WORK TO BE COMPLETED ->
Find the line with "B Line Nylon Ball Cap () - BAUF - Modalova" in the data below, then restate it and all remaining lines exactly, adding nothing.

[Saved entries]
=====
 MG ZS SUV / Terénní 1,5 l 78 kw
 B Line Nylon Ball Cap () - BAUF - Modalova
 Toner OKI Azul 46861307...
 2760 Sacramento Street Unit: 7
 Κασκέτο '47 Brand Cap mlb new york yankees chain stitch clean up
=====
WRITTEN RESPONSE ->
 B Line Nylon Ball Cap () - BAUF - Modalova
 Toner OKI Azul 46861307...
 2760 Sacramento Street Unit: 7
 Κασκέτο '47 Brand Cap mlb new york yankees chain stitch clean up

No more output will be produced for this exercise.